Endpoint: POST /api/v1/registry-validate/voresource
Content type: multipart/form-data

Field Required Description
record One of record or recordURL File upload; repeat the field for multiple files (up to 10).
recordURL One of record or recordURL Space-separated http/https URLs to fetch (file: URLs are rejected).
format No Response format: html (default), xml, or text.
show No Severity filter for results (default: fail warn rec).

Validation always uses the bundled XSD catalog under assets/schemas/ plus checkVOResource.xsl. The harvest validator’s Use built-in XSD schemas flag does not apply here.

Upload a local file:

curl -sS -X POST 'http://localhost:8000/api/v1/registry-validate/voresource' \
  -F 'format=xml' \
  -F 'show=fail warn rec' \
  -F 'record=@assets/standards/voresource.xml;type=text/xml'

Fetch by URL:

curl -sS -X POST 'http://localhost:8000/api/v1/registry-validate/voresource' \
  -F 'format=xml' \
  -F 'recordURL=https://example.org/registry/resource.xml'

Multiple files — repeat -F 'record=@…' up to ten times, or combine uploads with recordURL.

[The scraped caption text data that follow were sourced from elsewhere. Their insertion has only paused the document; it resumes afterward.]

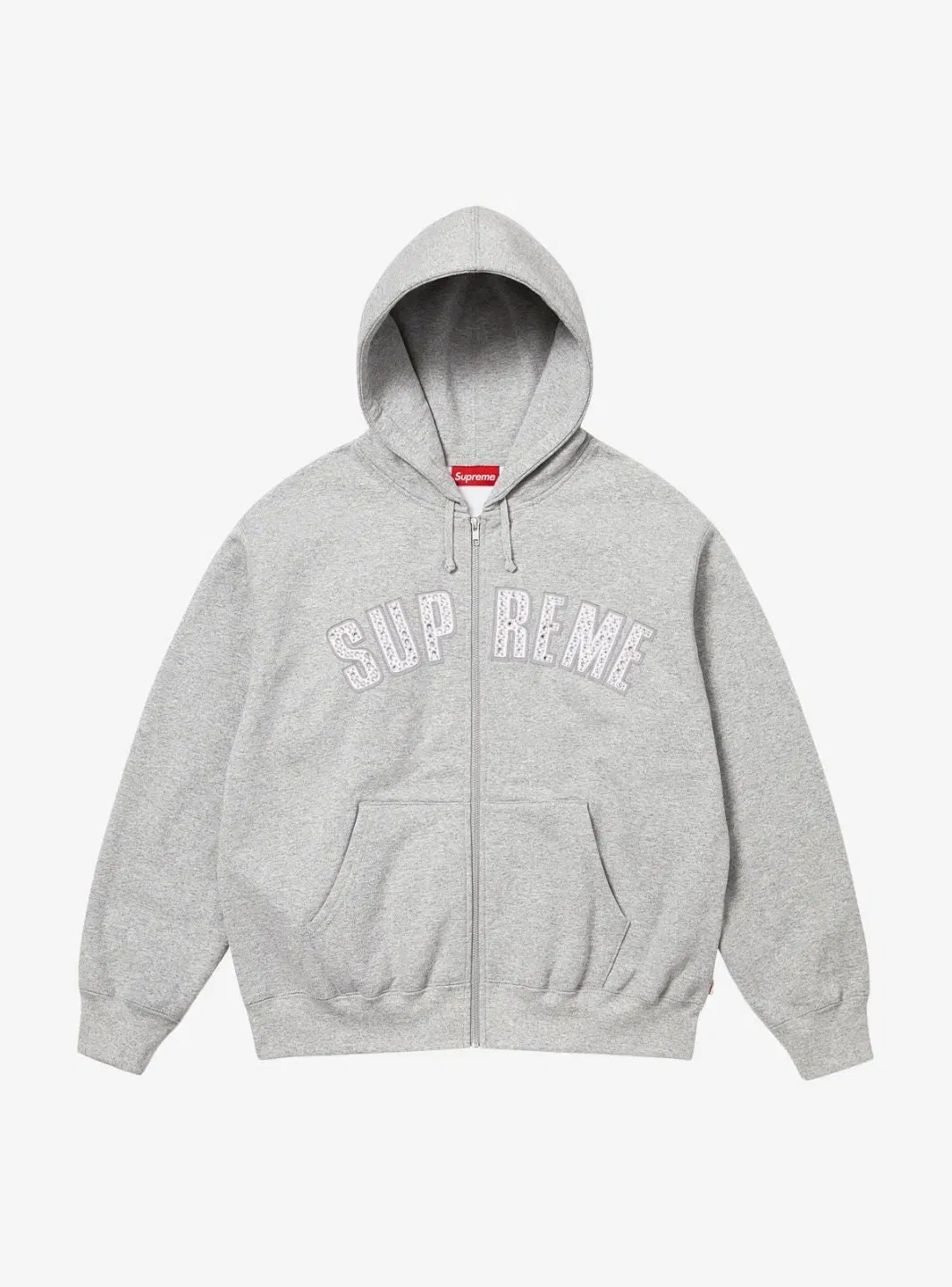 Supreme b.b. Simon Zip Up Hooded Sweatshirt Heather Grey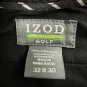 Izod Mens Golf Black Flat Front Pants Size 32x30 Performance Fit Polyester Blend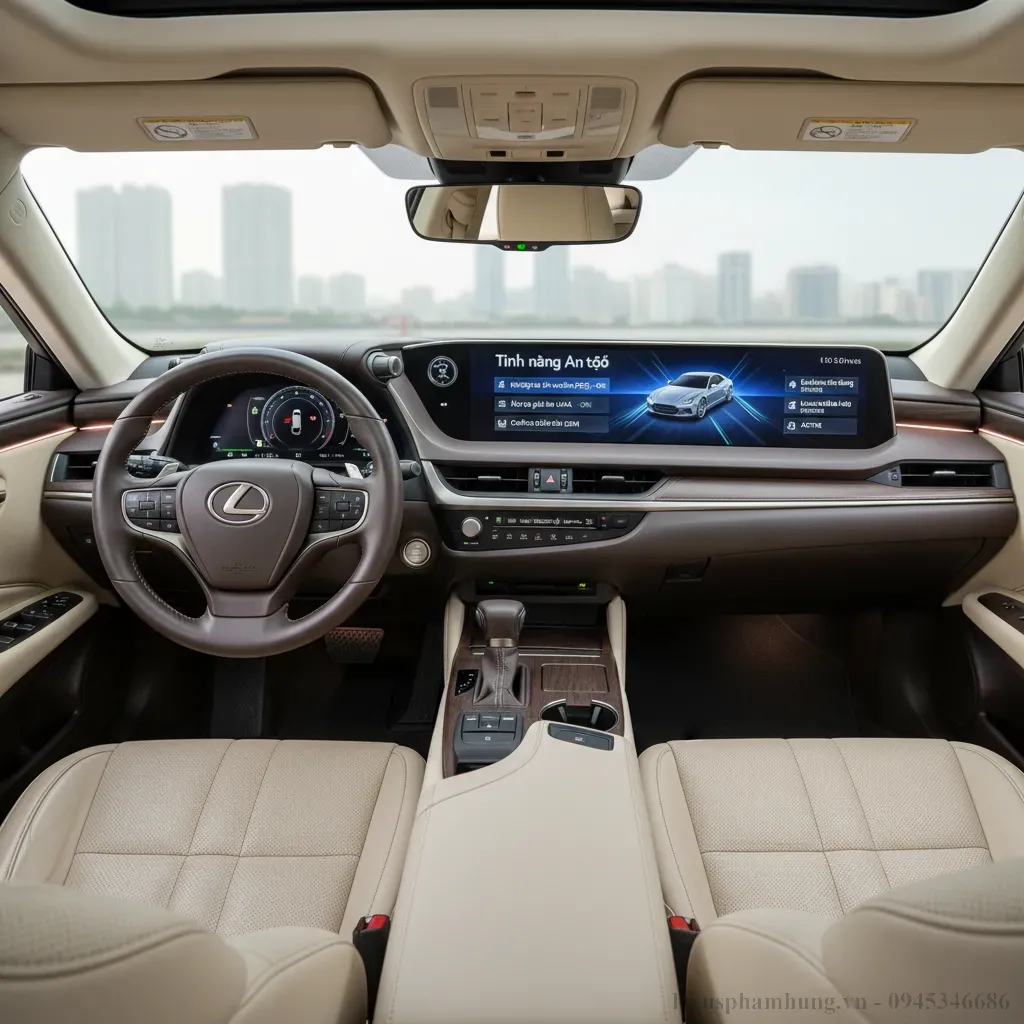 Hệ thống Lexus Safety System thế hệ mới trên ES 2026
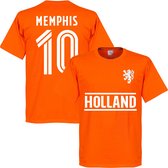 Nederlands Elftal Memphis Team T-Shirt - Oranje - S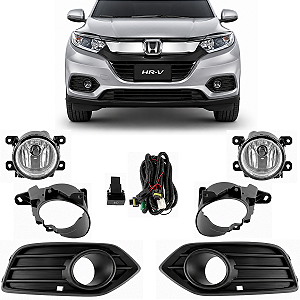 Kit Completo Grade Farol Milha Honda Hr-v 2019 2020 2021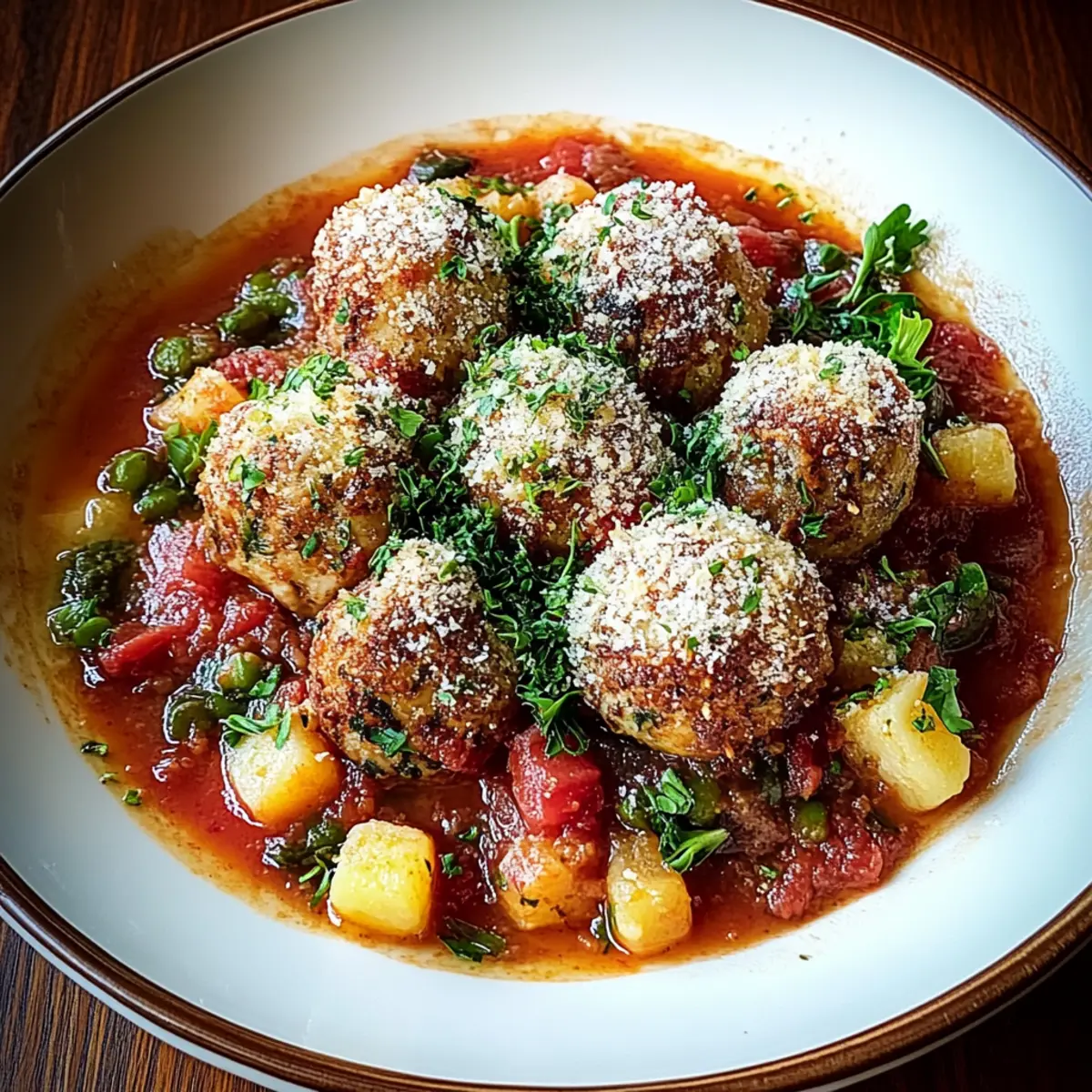Hearty Spiced Italian Meatball Stew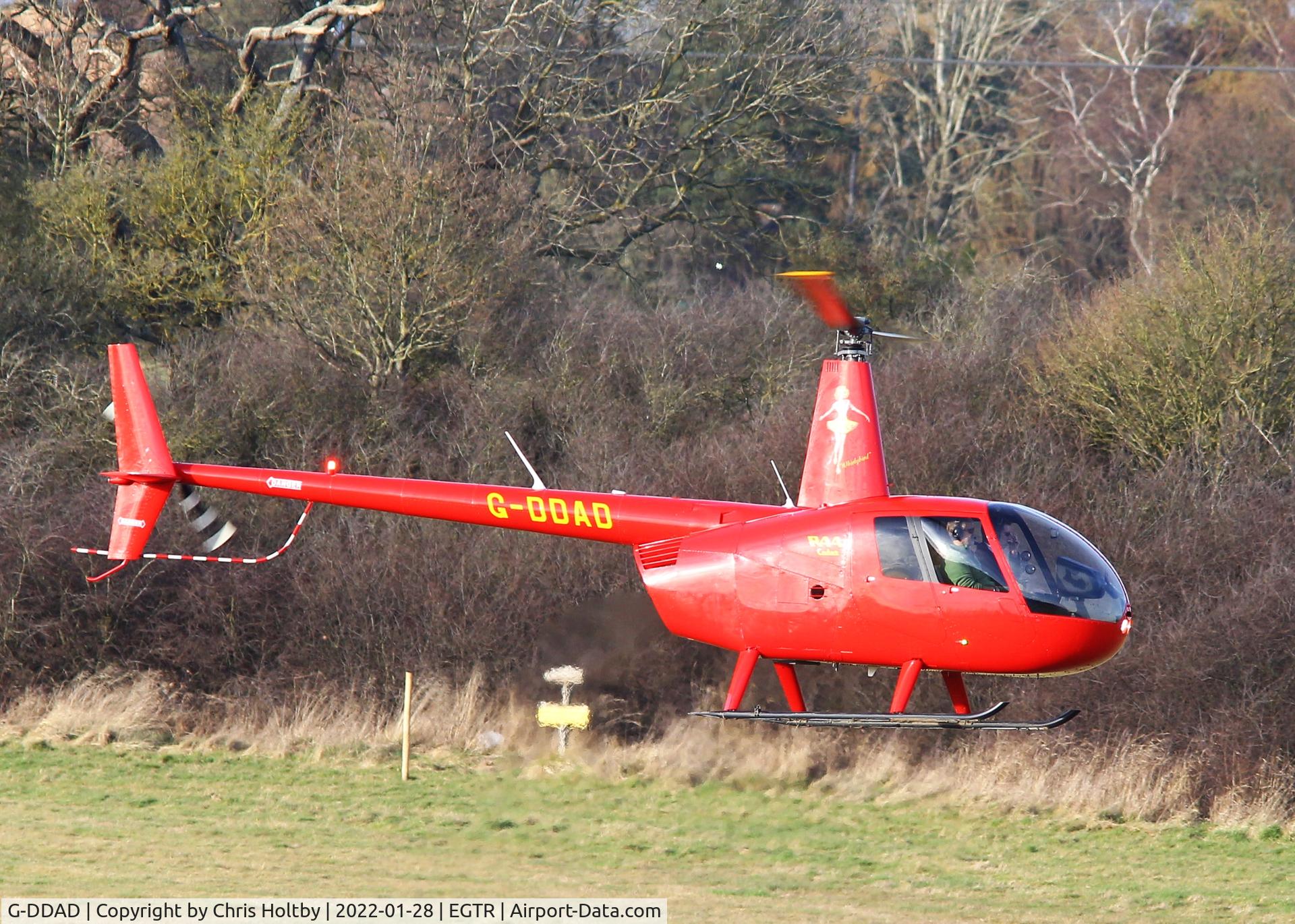 G-DDAD, 2021 Robinson R44 Cadet C/N 30079, Undergoing pilot training at Elstree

Normative behaviour (legacy servlet name /regvalidate/VOResourceValidater): docs/regvalidate-functional-contract.md §4. Sample response fixture and parity replay notes: docs/samples/voresource-validater/.

Environment

Variable Default Description
SCHEMA_ROOT ./assets/schemas Bundled XSD schemas
ASSETS_ROOT ./assets/validate XSLT validation stylesheets
STANDARDS_DIR ./assets/standards IVOA standards records (indexed at /oai)
OAI_REPOSITORY_NAME IVOA Registry of Registries OAI Identify repository name
OAI_ADMIN_EMAIL registry@ivoa.net OAI admin contact
OAI_REGISTRY_IDENTIFIER ivo://ivoa.net/rofr OAI registry identifier
OAI_MANAGED_AUTHORITY ivoa.net OAI managed authority
OAI_MAX_RECORDS 100 Max records per OAI list response
TEMPLATES_DIR ./assets/templates Jinja templates
STATIC_DIR ./assets/static Static assets
PUBLISHERS_DATA_DIR ./data/publishers Publishers registry data directory
PUBLISHERS_REGISTRY_FILE ./data/publishers/publishers.json Publishers registry JSON file
SEARCHABLES_CACHE_DIR ./data/searchables RegTAP CSV cache directory (registries.csv)
SEARCHABLES_CACHE_MAX_AGE_SEC Cache TTL; unset means no expiry
REGISTRATION_MAX_FAILURES 0 Max failures allowed for registration
REGISTRATION_MAX_WARNINGS 999999 Max warnings allowed for registration
REGISTRATION_REQUIRE_BUILTIN_SCHEMAS on Require built-in XSD schemas for registration
BENSON_PROXY_HEADERS on Enable proxy headers (fixes template url_for behind a reverse proxy)
FORWARDED_ALLOW_IPS * Trusted proxy IPs (tighten in production)
COMPLY_PATH Optional comply path
LOG_LEVEL INFO Logging level
BENSON_PARITY_JSON off Enable JSON parity mode (=1 to enable)
BENSON_EXPOSE_ERRORS off Expose error details in responses (debug only; =1 to enable)

Deployers

Deployers who operate a live Registry of Registries instance should run the publisher liveness check periodically:

benson check-publishers

The command reads PUBLISHERS_REGISTRY_FILE, sends one lightweight OAI-PMH Identify request to each registered publisher endpoint, and writes status metadata back into the publishers JSON file. It does not harvest records; its intent is to catch entries whose services have gone stale, become unreachable, changed identity, or stopped operating.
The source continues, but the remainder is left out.